▸ WORK REQUIRED:
Please copy the records exactly as they appear, with all pictures left out.

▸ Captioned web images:
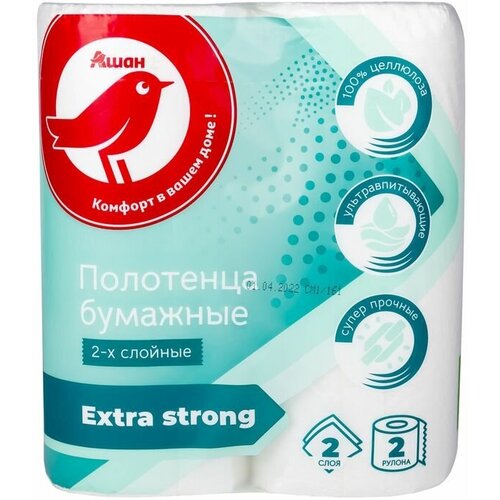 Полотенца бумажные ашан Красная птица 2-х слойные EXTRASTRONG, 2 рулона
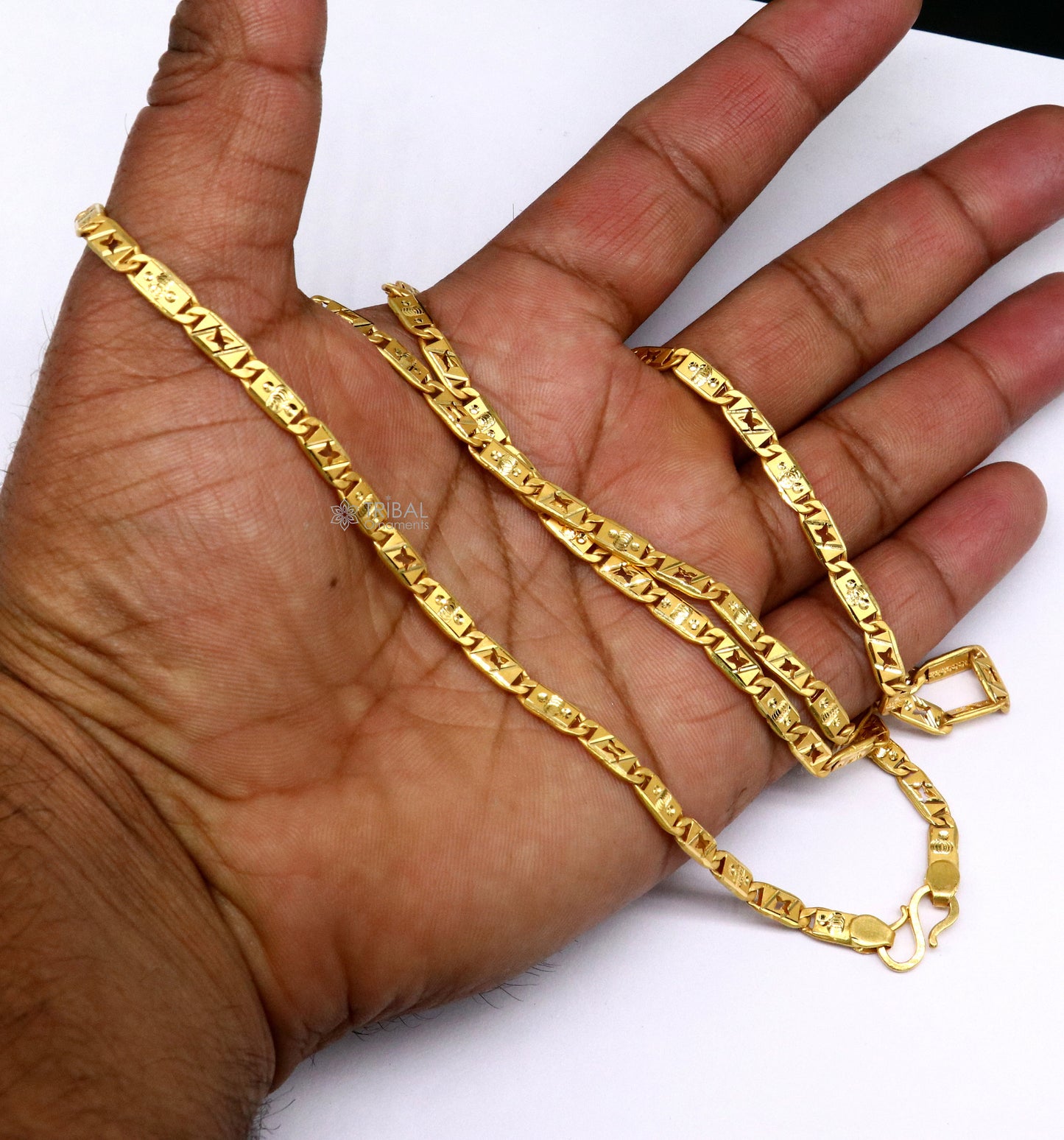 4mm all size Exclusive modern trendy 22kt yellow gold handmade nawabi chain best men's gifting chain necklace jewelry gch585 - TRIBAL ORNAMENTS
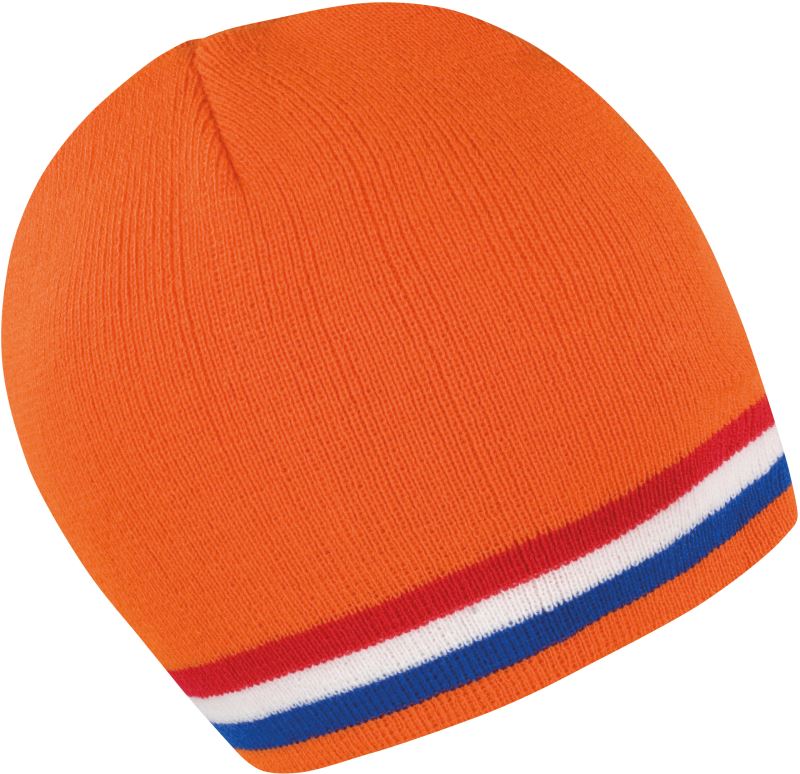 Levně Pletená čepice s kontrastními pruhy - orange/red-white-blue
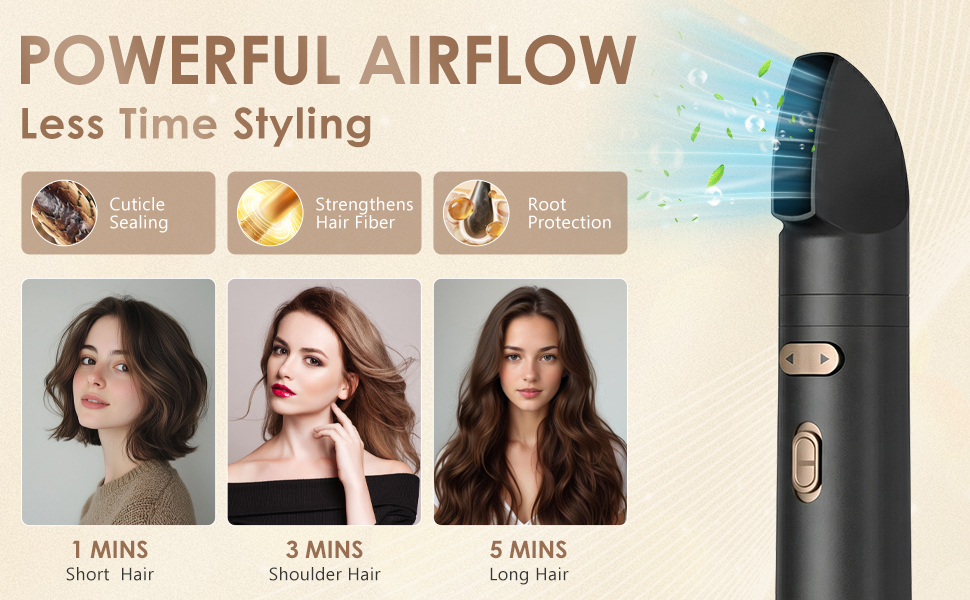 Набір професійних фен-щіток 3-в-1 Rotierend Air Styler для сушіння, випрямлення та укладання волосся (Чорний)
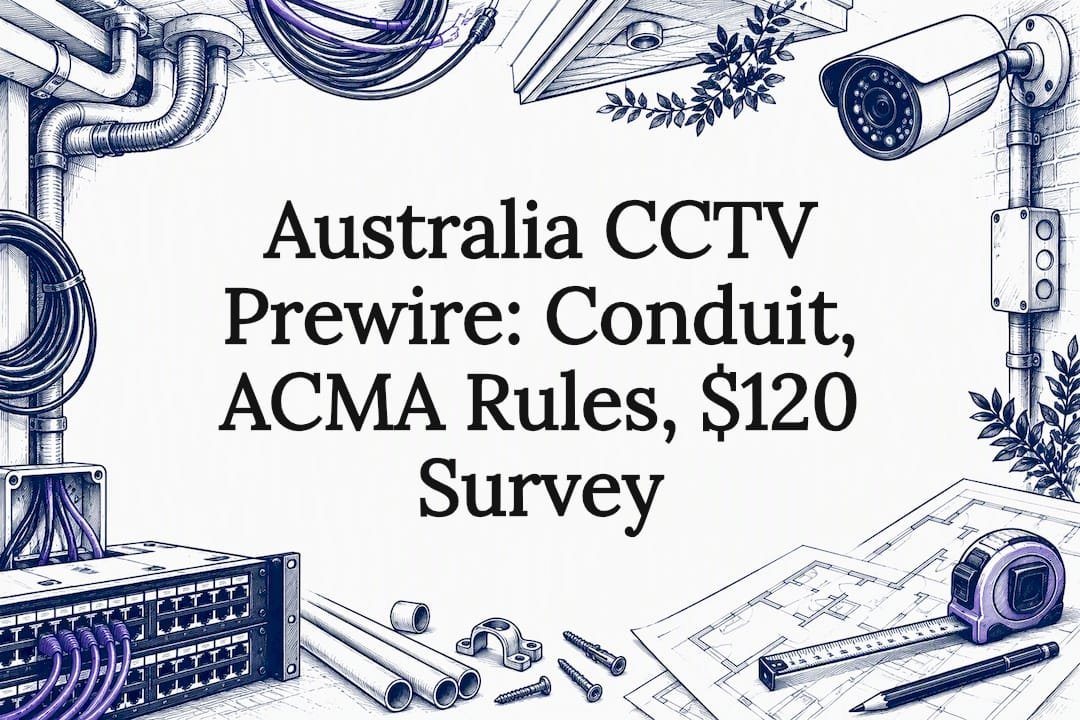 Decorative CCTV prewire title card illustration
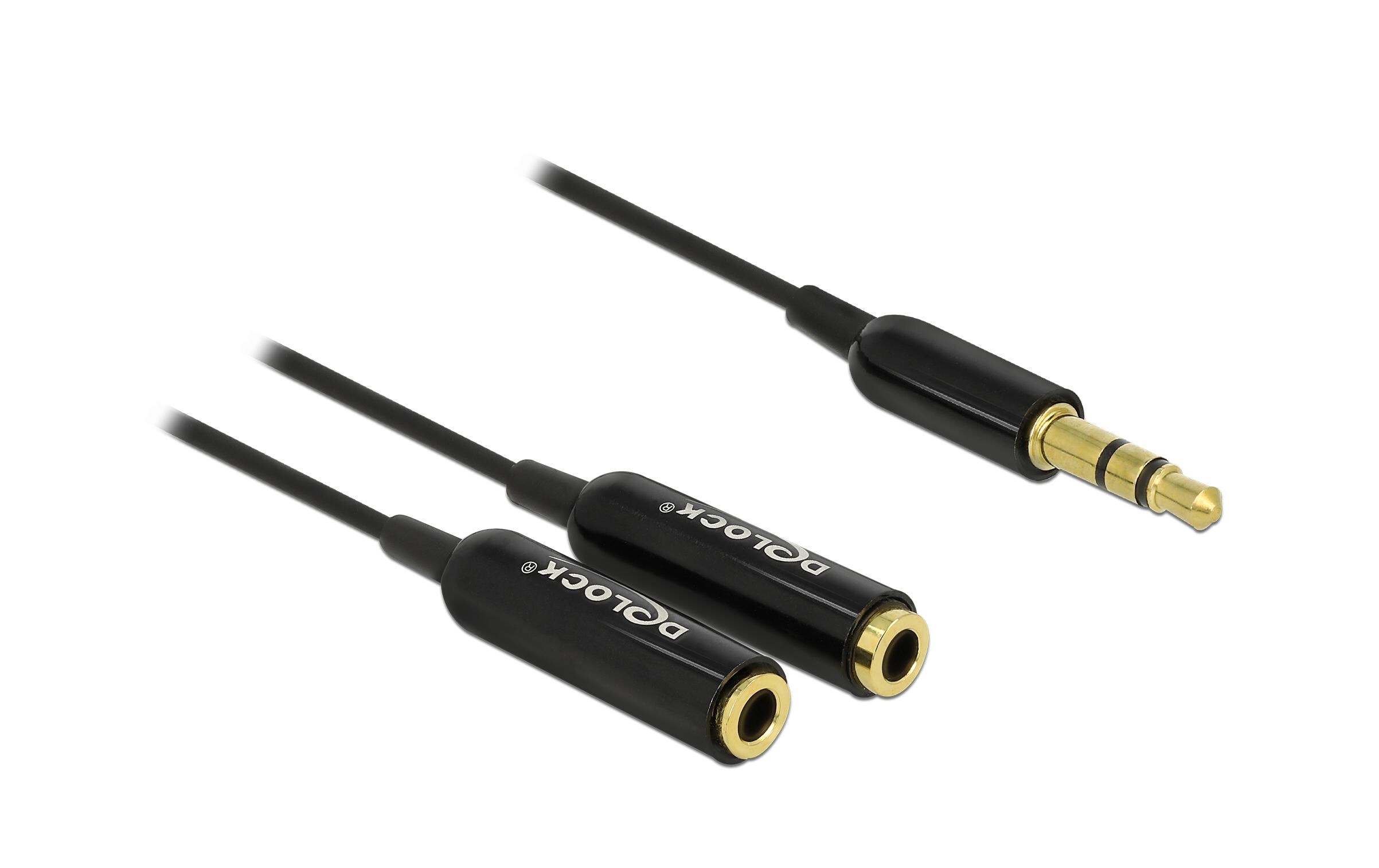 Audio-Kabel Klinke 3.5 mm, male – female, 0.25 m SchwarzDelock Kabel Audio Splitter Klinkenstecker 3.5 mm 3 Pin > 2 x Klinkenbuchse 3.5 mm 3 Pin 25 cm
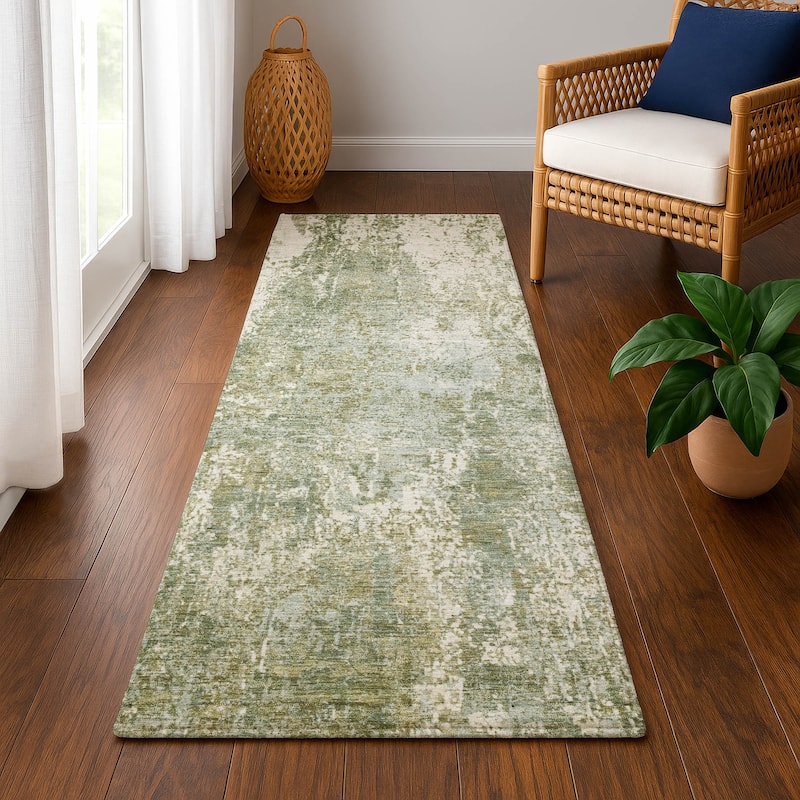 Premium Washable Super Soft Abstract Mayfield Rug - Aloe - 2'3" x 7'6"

▸ SOLUTION BELOW:
 Полотенца бумажные ашан Красная птица 2-х слойные EXTRASTRONG, 2 рулона
 4mm all size Exclusive modern trendy 22kt yellow gold handmade nawabi chain best men's gifting chain necklace jewelry gch585 - TRIBAL ORNAMENTS
 Levně Pletená čepice s kontrastními pruhy - orange/red-white-blue
 Набір професійних фен-щіток 3-в-1 Rotierend Air Styler для сушіння, випрямлення та укладання волосся (Чорний)
 Decorative CCTV prewire title card illustration
 Audio-Kabel Klinke 3.5 mm, male – female, 0.25 m SchwarzDelock Kabel Audio Splitter Klinkenstecker 3.5 mm 3 Pin > 2 x Klinkenbuchse 3.5 mm 3 Pin 25 cm
 Premium Washable Super Soft Abstract Mayfield Rug - Aloe - 2'3" x 7'6"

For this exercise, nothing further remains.